Provided data ::
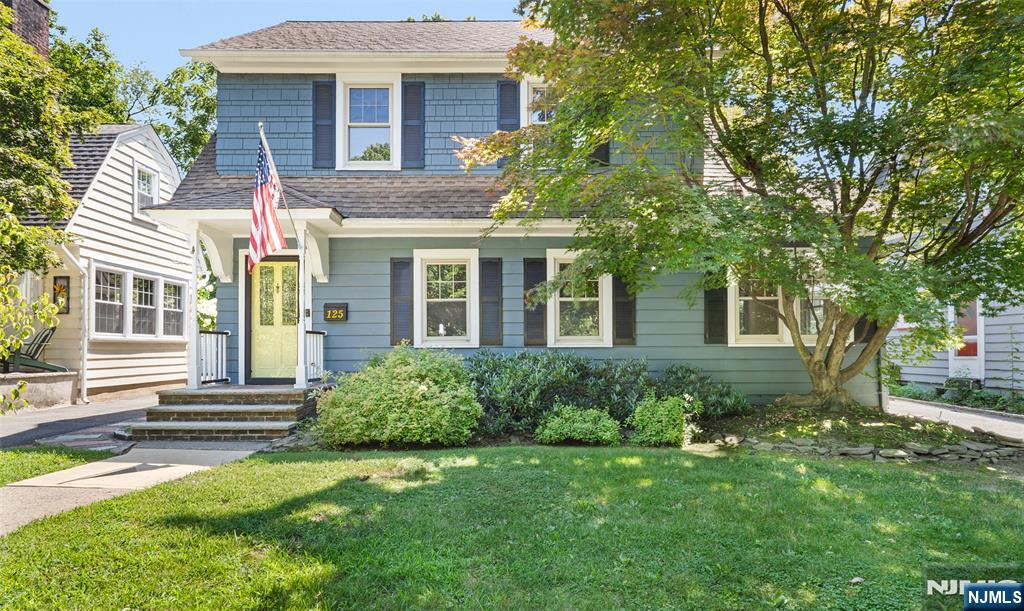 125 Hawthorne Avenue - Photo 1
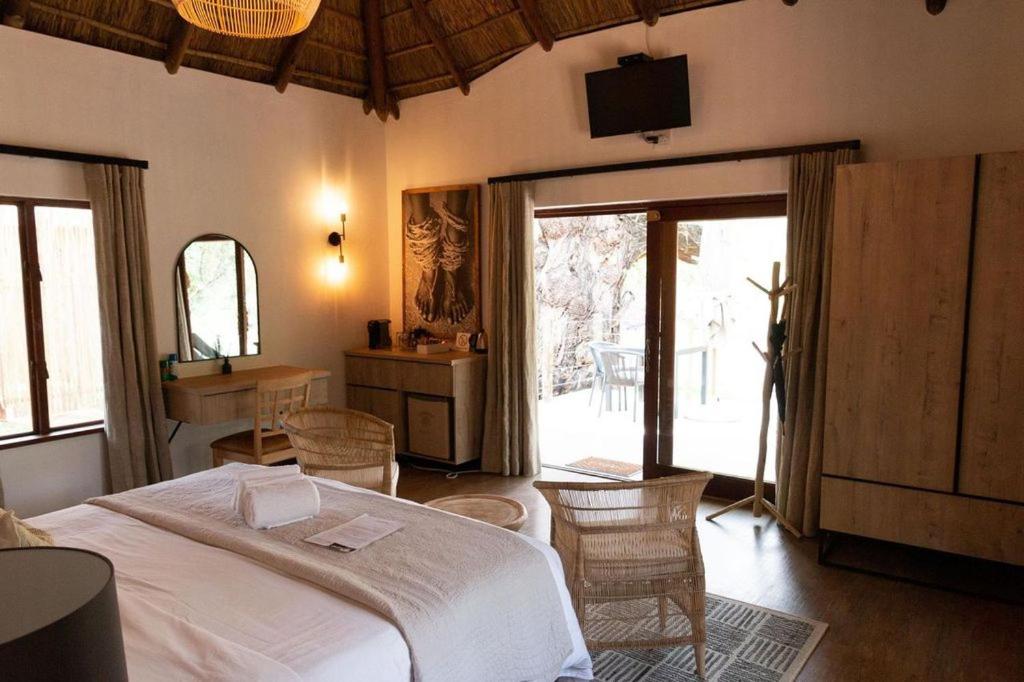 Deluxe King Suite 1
==
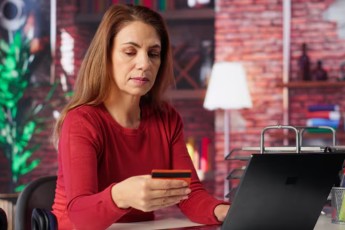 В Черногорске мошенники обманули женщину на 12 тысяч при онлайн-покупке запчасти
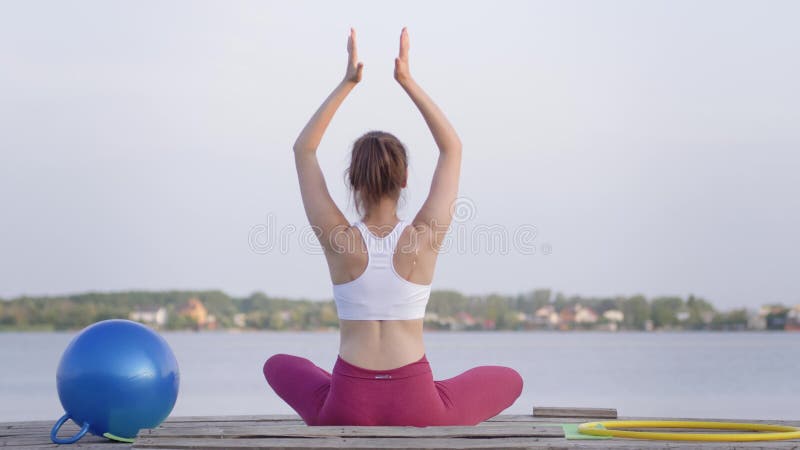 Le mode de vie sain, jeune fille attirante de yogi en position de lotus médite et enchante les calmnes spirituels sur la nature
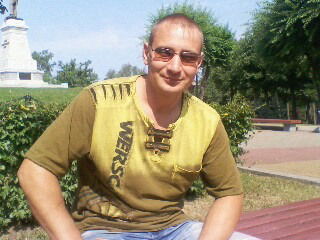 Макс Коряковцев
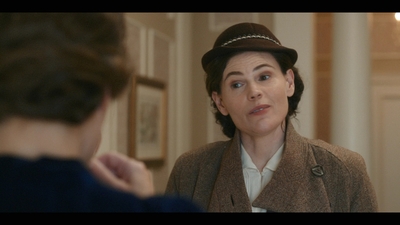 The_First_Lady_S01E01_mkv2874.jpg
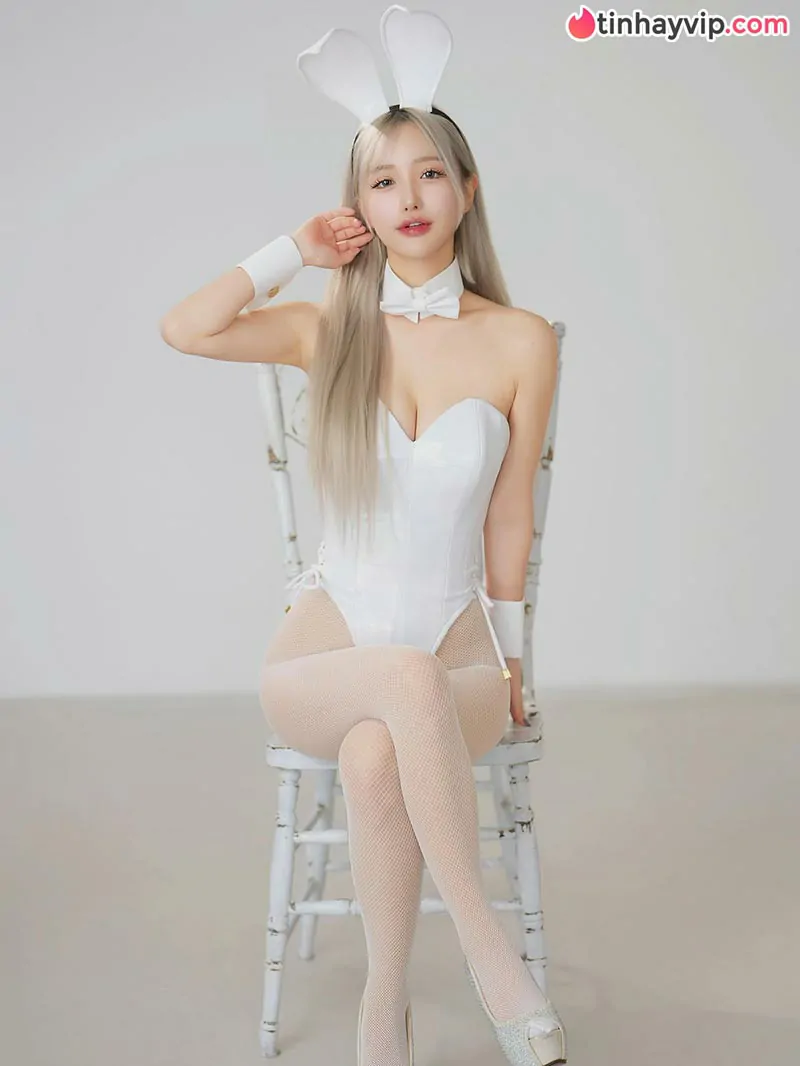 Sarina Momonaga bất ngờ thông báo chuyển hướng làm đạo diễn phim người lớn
* * *
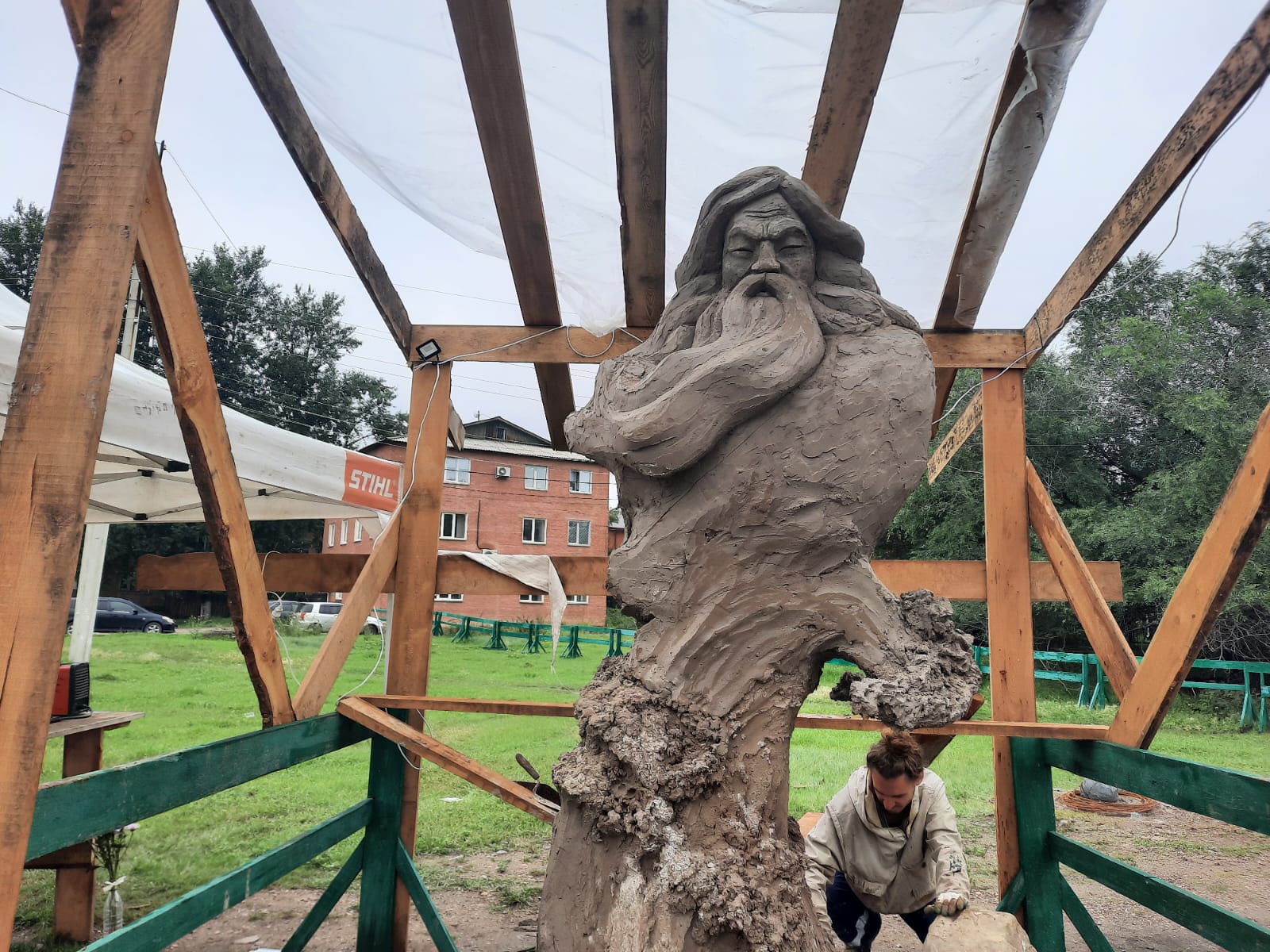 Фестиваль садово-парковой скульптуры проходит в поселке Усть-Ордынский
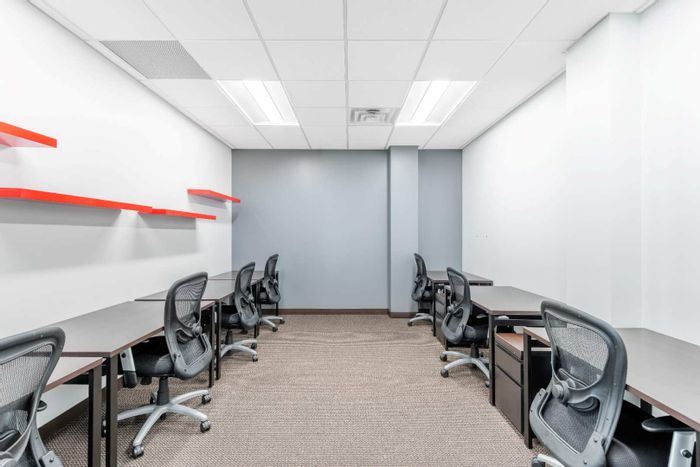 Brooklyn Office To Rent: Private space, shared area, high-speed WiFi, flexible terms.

What you need to do :: Above are entries with pictures among them. Write out exactly the lines from the one containing "125 Hawthorne Avenue - Photo 1" through the one containing "Deluxe King Suite 1", ends included, and leave those pictures out.

Result below ::
 125 Hawthorne Avenue - Photo 1
 Deluxe King Suite 1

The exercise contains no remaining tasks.